Figure 2: Average quarterly growth rates of the expenditure components of GDP during the recovery, chained volume measure, seasonally adjusted
Source: Office of National Statistics
- HHFCE is household final consumption expenditure. NPISH is non-profit institutions serving households.
While investment may have accounted for a large fraction of the stronger GDP growth since Q1 2013, its contribution has moderated in recent quarters, which may partly reflect the relatively more volatile nature of this component. As is shown in Figure 1, stronger investment helped to drive GDP growth during the second half of 2013 and the early part of 2014. Stronger capital formation – as firms sought either to increase their capacity to meet growing demand or to replace their ageing capital base – contributed around 2.5 percentage points to annual GDP growth to Q1 2014. However, this effect has waned in recent quarters. Investment is estimated to have added just 0.4 percentage points to annual growth in Q4 2014 and Gross Fixed Capital formation (GFCF) fell by 0.5% on the quarter. Business investment – which has now contracted for two consecutive quarters – fell by 1.4% in the final three months of 2014: the largest quarterly fall since Q2 2009.
Much of this recent fall is accounted for by lower investment by the oil and gas industries, which is likely to reflect both the impact of sharply lower oil prices and the timetabling of maintenance. The fall in the oil price in particular may have influenced the incentives to develop new oil and gas fields, as the lower price may mean that some potential new field developments have become uneconomical. Figure 3 presents the quarterly growth rate of business investment since Q2 2012 alongside indicative estimates of the growth of business investment excluding activity in the oil and gas industry. Although this industry varies in its impact over this period – sometimes raising total investment growth, lowering it on other occasions – it acted as a substantial break on aggregate investment in Q4 2014. While total business investment fell by 1.4% in Q4 2014, excluding oil & gas the fall was a more modest 0.3%. GFCF – which declined 0.5% in total in Q4 2014 – grew by 0.2% on this alternative basis. However, while the fall in oil and gas investment explains a large part of the recent slowdown, Figure 3 makes clear that it is not the sole cause of the weakness of investment: there was also a broader slowing of investment activity in the second half of 2014 beyond the oil and gas industries.
The relative weakness of investment towards the end of 2014 was largely offset by the continued growth of household spending and a positive contribution from net trade (Figure 1). Indeed, while retail sales volumes fell slightly during the first month of 2015, sales in the three months to January 2015 were stronger than usual. Taking sales over this longer period – including ‘Black Friday’ in November and the run up to Christmas with the January sales – is likely to permit a fairer comparison of how consumer spending has varied over recent months than any single monthly estimate. The growth in the volume of sales in this period compared to the previous three months was among the strongest outturns since 2002. Figure 4 compares the level of retail spending excluding fuel during these three months with the level in the preceding nine months (February-October) each year since 1989. On average over this period, the volume of spending in retail outlets is around 15.5% higher during the festive period than during the preceding nine months. However, the uplift this year rose to 17%: the highest uplift since 2003.

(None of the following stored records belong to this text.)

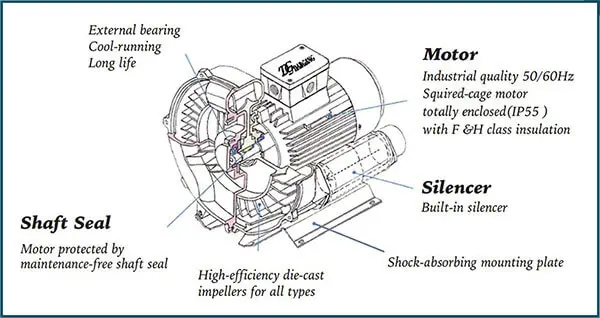 Vortex Blower &#8211; Working Principle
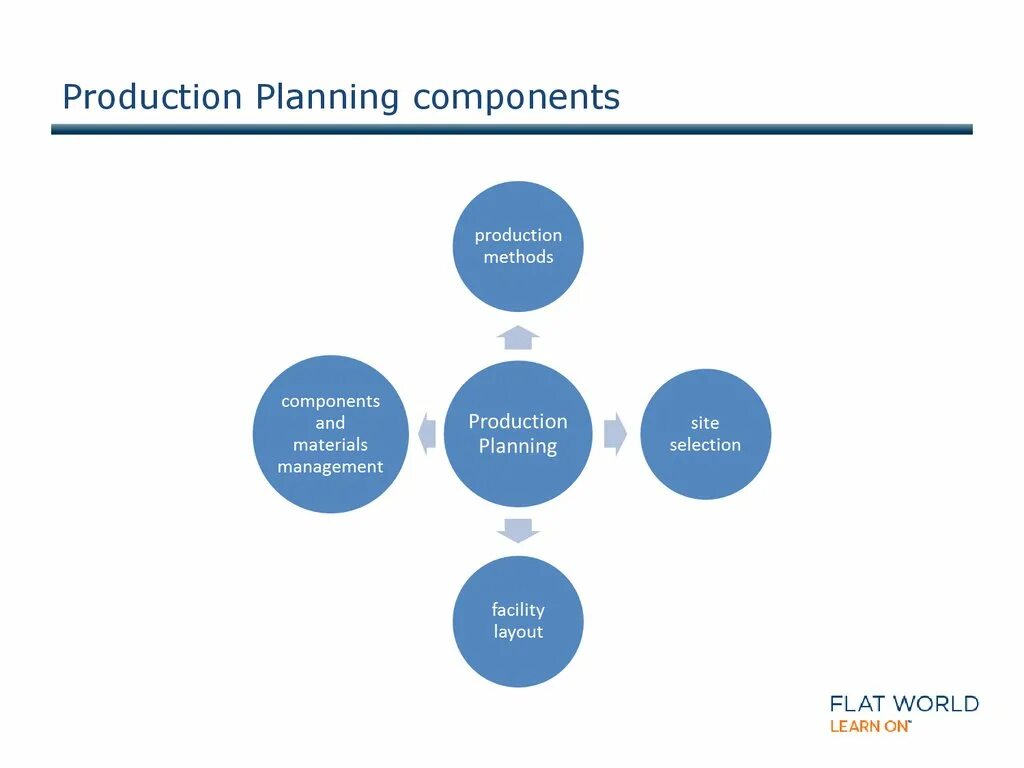 Product components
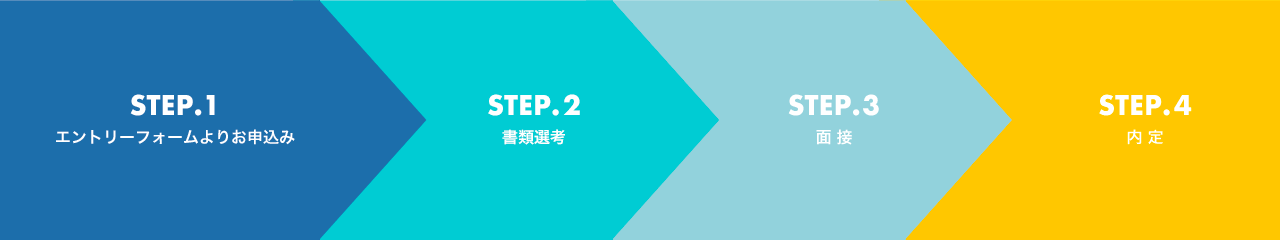 STEP.1 応募フォームよりお申込み STEP.2 書類選考 STEP.3 面接 STEP.4 内定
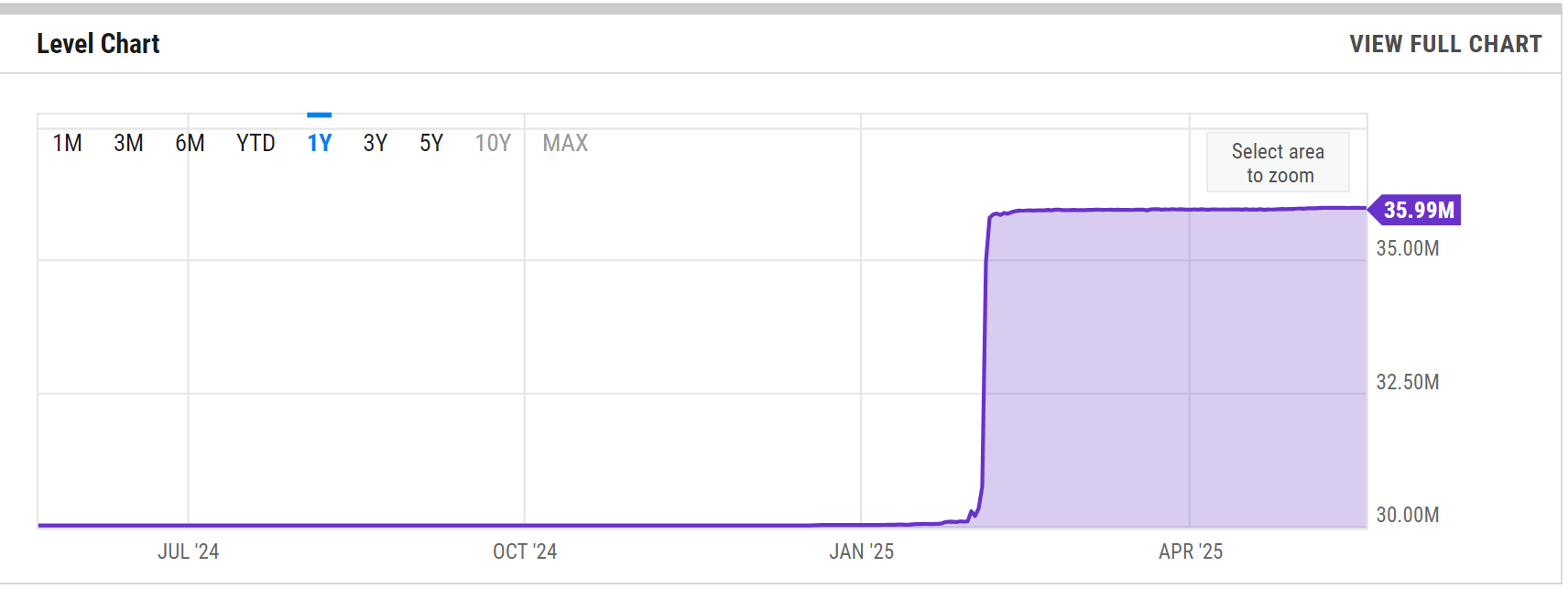 Ethereum's gas limit has reached 35.99 million in the past 24 hours, May 21, 2025 | Source: YCharts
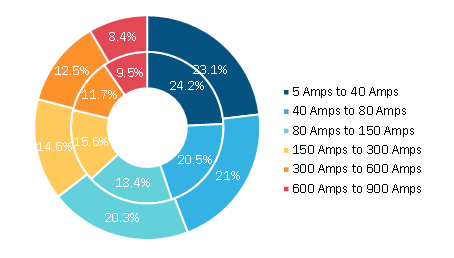 Asia-PacificAerospace & Defense Power Connector Market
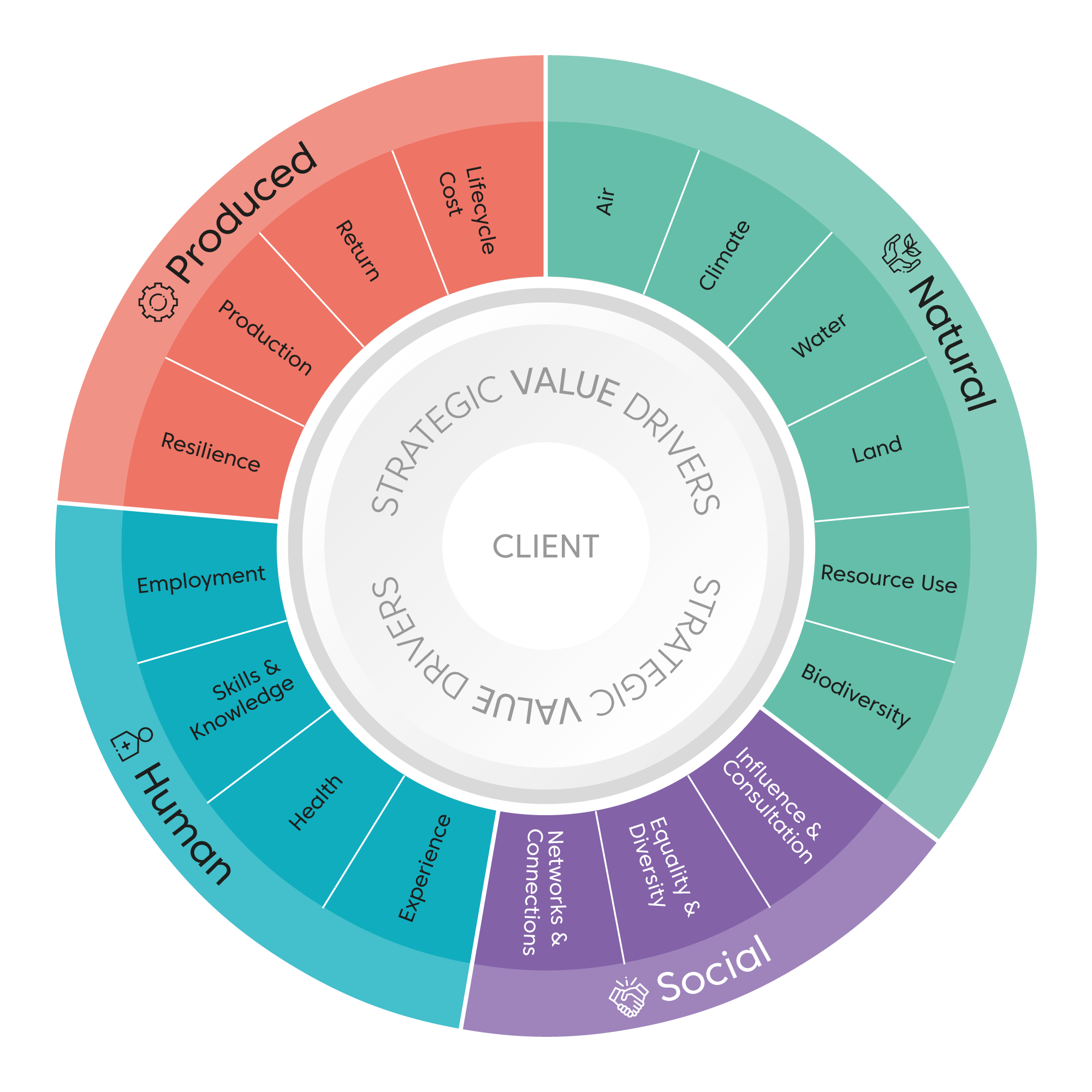 The Value Toolkit What Is Value In The Built Environment Sector 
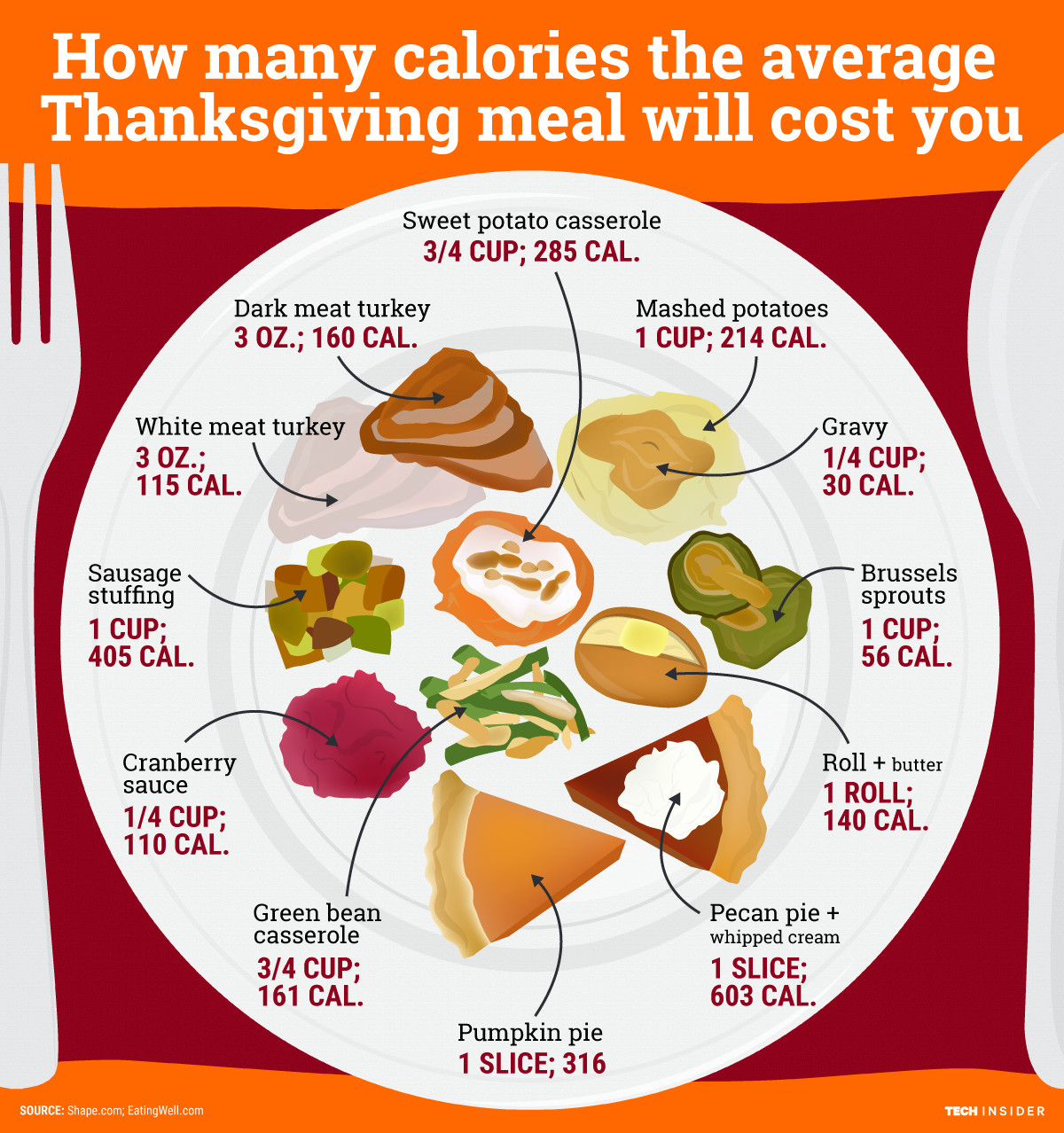 Calories In Thanksgiving Dinner
 Here s how many calories you eat on Thanksgiving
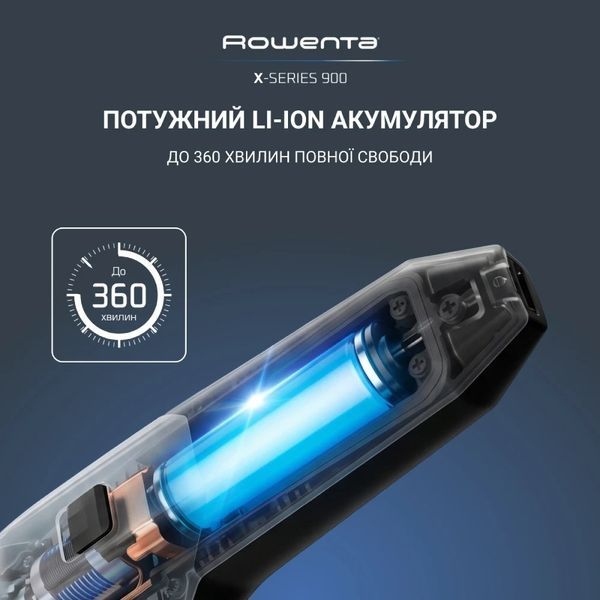 Тример Rowenta TN9730E0 616461 фото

Figure 4: Volume of retail sales excluding fuel: ‘festive premium’
Source: Office for National Statistics
- Chart shows the percentage difference between the average volume of the retail sales index excluding fuel from November to January, and its average volume in the preceding nine months. Higher (lower) percentages indicate stronger (weaker) spending during the festive period than during the rest of the year. The chart is normalised to the average ‘festive premium’ for the 1989-2014 period (15.5%).
The recent economic recovery has also had a marked impact on the labour market, which has started to tighten on a broad range of different measures. In particular, the level of unemployment has fallen quite sharply since the onset of a more sustained economic recovery at the start of 2013. Over this period, the rate of unemployment among those aged 16 and above has fallen from 7.8% in the three months to March 2013 to just 5.7% in the three months to December 2014, with particularly large falls among those who have been unemployed for less than six months (Figure 5). This rate of short-term unemployment has now fallen back below its pre-downturn level, while the other, longer term categories are approaching their earlier averages. The transition rate from unemployment to employment has also recovered relatively strongly during 2014, regaining much of the ground lost during the downturn.
Figure 5: Unemployment rate by duration of unemployment, %
Source: Office for National Statistics
- Increases in the short-term unemployment rate will only feed into increases in the medium- and long-term unemployment rates with a lag. This accounts for the apparent ‘wave’ structure of the unemployment rates by duration. A similar phenomenon may be observed as unemployment rates fall, although this need not be the case if the flow out of long-term unemployment picks up contemporaneously with that from short-term unemployment.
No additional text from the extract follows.